# opening up a wall between 2 rooms



## actionjaxon (Jan 11, 2010)

Hi my name is Kris and I'm new here, this is my 1st post actually. I'm fairly handy but am by no means a handyman. My wife wants to open up 2 rooms in the basement with a window size opening. I don't believe the wall is a load bearing wall since most of the houses in my community didn't have finished basements with seperated wall and think the previous owner just put the walls as they finished the basement. I got a stud finder and have located the 2x4's in the walls. I was going to cut through the sheet rock to see exactly whats behind the wall which i believe is nothing except for one electrical outlet which i don't see as being a problem as I can always reroute that or just get rid of it and put a closed box inside the wall.
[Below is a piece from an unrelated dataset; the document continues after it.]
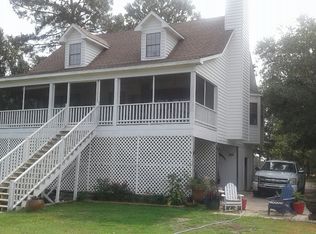 24293 Gulf Bay Rd, Orange Beach, AL 36561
I got a reciprocating saw for the 2x4's. Do I need to do any kind of framing work for my opening? I'm kinda clueless after I make my opening. What kind of materials should I use to finish the opening? Would I be better with a wooden frame or should I use sheetrock for the finish? Sorry but I don't know what would be best and havent had much luck searching online for answers. If anyone has anything to chime in here I would appreciate it a lot. Thank you all in advance and please :help:


----------



## inspectorD (Jan 12, 2010)

Well you came to the right place. There are plenty of folks here who gave advice in the past, just search finished basements with the search button at the top of the page.
Here is one http://www.houserepairtalk.com/f45/finishing-my-basement-3989/

Read up, and ask again. Your project sounds like it is very possible, usually you have beams in the basement, but some walls do hold weight. I would remove an entire sheet, and see what is behind the wallboard.


----------